Saturday's health stories

Insurer wins $52 million in ACA payment lawsuit
A federal judge ruled late Friday in favor of Molina Healthcare, declaring the health insurer is owed $52.4 million under the Affordable Care Act's risk corridor program, which was created to help insurance companies manage their unpredictable costs in the law's early years. Molina, which has been crushed by the ACA so far this year, filed suit in January after congressional Republicans blocked the payments, calling them a "bailout" for the industry.
The court opinion said the federal government was "liable for its breach of a statutory and contractual obligation" to make the payments to participating insurers.
Why it matters: Molina is now the second health insurer to win a risk corridor lawsuit, following Moda Health from earlier this year. But as legal expert Nicholas Bagley has pointed out, even with the court wins, health insurers may not be able to collect their risk corridor money until Congress appropriates funds — the same Congress that neutered the risk corridor payments.

Chronic disease rates up in Middle East amid violence
Deaths resulting from violence in the Middle East grew 850% between 1990 and 2015, according to reports published this week in the International Journal of Public Health. They also found this coincided with a dramatic increase in chronic diseases, per Nature:
- The death rate from diabetes grew 216% over the study period, an increase of 179% compared to the 1990 level.
- The leading cause of death in the region is cardiovascular disease, weighing in at 34% of all deaths in the region.
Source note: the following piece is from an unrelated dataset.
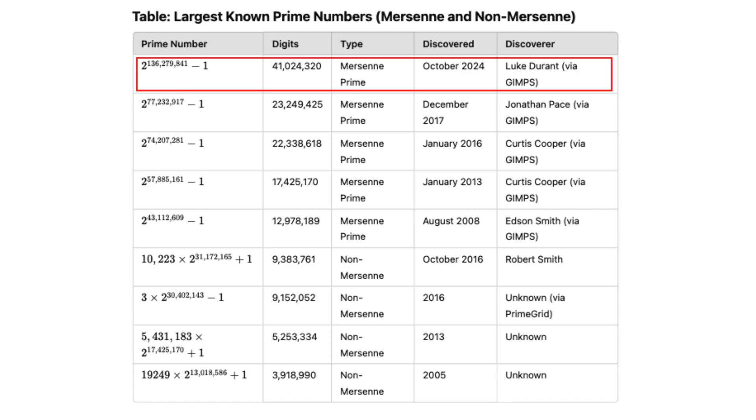Discovering large primes requires immense computational power and innovative algorithms. The significance of discovering large primes extends beyond mathematics.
That same figure was 30% in 1990.
- There was an increase by 1,027% in deaths from war, terrorism, and state punishment for crimes.
- Homicide and death from physical and sexual assault increased in the region to 5.7 people per 100,000 (2015). For context, not that's lower than figures in the Americas or Africa.
Why it's happening: Stresses on mental health have a strong link to diabetes and cardiovascular disease, Ali Mokdad, an epidemiologist at the University of Washington's Institute for Health Metrics and Evaluation, told Nature.

GOP donor sues over failed ACA repeal
A retired Virginia Beach attorney is so angry that Republicans failed to repeal the Affordable Care Act that he's suing the GOP for raising millions of dollars campaigning on a pledge that they knew they wouldn't be able to fulfill, per The Virginian-Pilot. The lawsuit was filed in U.S. District Court Thursday by 70-year-old Bob Heghmann.
- It claims that the GOP "has been engaged in a pattern of Racketeering which involves massive fraud perpetrated on Republican voters and contributors as well as some Independents and Democrats."
- Heghmann said he wants Republicans to either give campaign donors their money back or ramp up pressure on lawmakers to repeal the law.
- Why it matters: Not every Republican donor is going to sue for their money back, of course. But the lawsuit speaks to a real danger for Republicans: Other donors may stop giving money.